Adding stations (such as fitment applicator and cleansing stations) to a packaging machine also can lead to production inefficiencies. The length of machines with fitment applicators and cleansing stations can be a problem for users of existing packaging machines who have limited floor space, especially if the user is operating several packaging machines. Although some existing machines do have excess space for either an applicator or a cleansing station, few can accommodate both without further lengthening of the machine. In addition, statistical analysis reveals that each station in a packaging machine will malfunction a certain percentage of the time. Therefore, the more stations contained within a single machine, the higher the probability for a defective output. For example, if a container is inserted into the magazine backwards, the machine will not be able to properly attach the spout. Nevertheless, the backward container will still pass through a number of stations even though there is no chance of a successful product output. However, if the tasks of a single machine are divided among two or more machines, an error or malfunction at one station is not propagated to all of the subsequent stations. A problem container can be removed in an early stage of production. Thus, stations on the next machine have a higher probability of receiving proper containers as input. By dividing the stations among multiple machines, higher efficiencies and lower errors are achieved.
While spout applicator and sanitation stations incorporated into form, fill and seal machines are desirable to users of packaging machines, prior to the present invention, many machines could not accommodate these additional features. Thus, many users must purchase new form, fill and seal machines to obtain these additional capabilities. However, such machinery can be expensive.

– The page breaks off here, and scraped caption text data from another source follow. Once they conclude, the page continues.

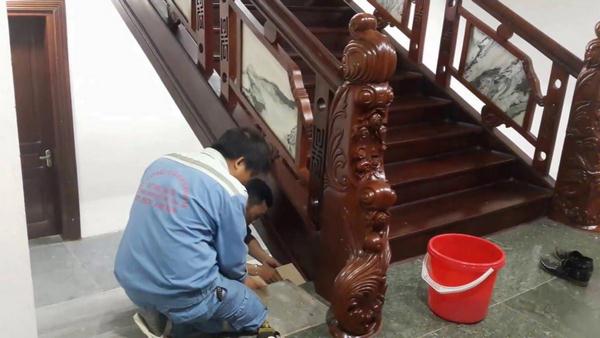 Cách diệt mối mọt trong nhà hiệu quả và an toàn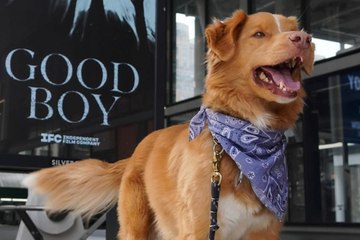 ¡Él es Indy, el primer perro nominado a Mejor Actor en unos premios!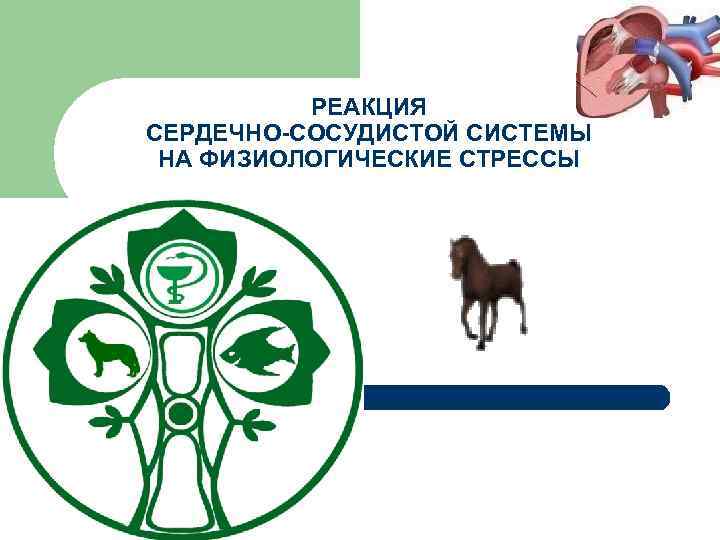 РЕАКЦИЯ СЕРДЕЧНО-СОСУДИСТОЙ СИСТЕМЫ НА ФИЗИОЛОГИЧЕСКИЕ СТРЕССЫ 61 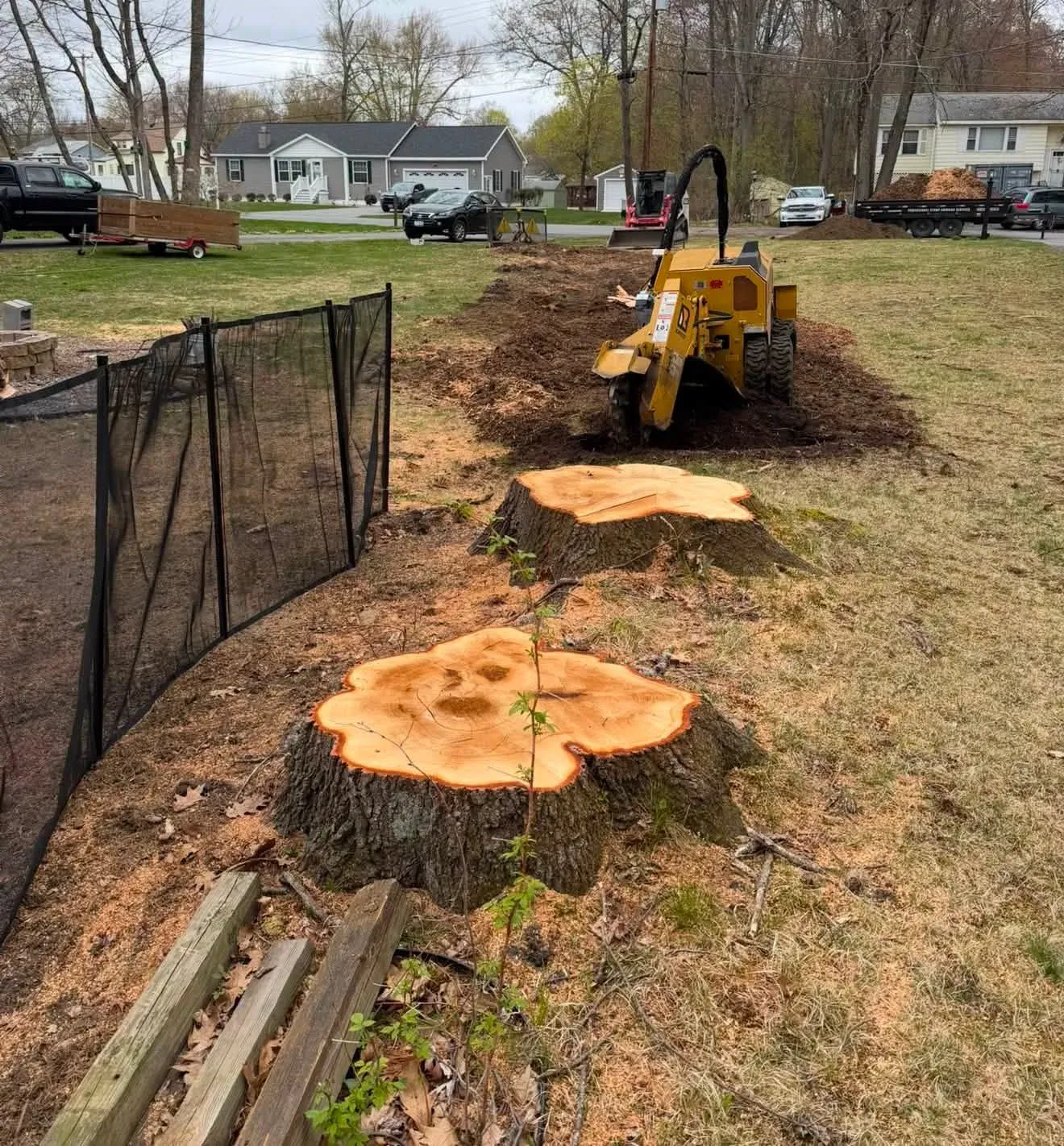 Row of freshly cut stumps along a fence line waiting to be ground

In addition, some users are reluctant to switch to machines with these additional features because they have not yet recovered the capital investment made for their currently owned form, fill and seal machines.
At least one prior art machine attaches a spout to an open-ended container as disclosed in U.S. Pat. No. 4,788,811. However, the spout is first introduced into the preformed opening in the container and later attached to the container. This two-step process may result in the occasional occurrence of defectively attached spouts due to disengagement of a spout from the hole prior to its attachment to the container. In addition, the horizontal positioning of the container prior to sealing one of its open ends subjects the container to the same cleansing problems as described above.
Therefore, a need exists for a novel apparatus that can be used in conjunction with existing form, fill and seal machines to achieve fitment capability and enhanced sanitation. Such a machine ideally would require minimal modification to an existing form, fill and seal machine such as machine 10.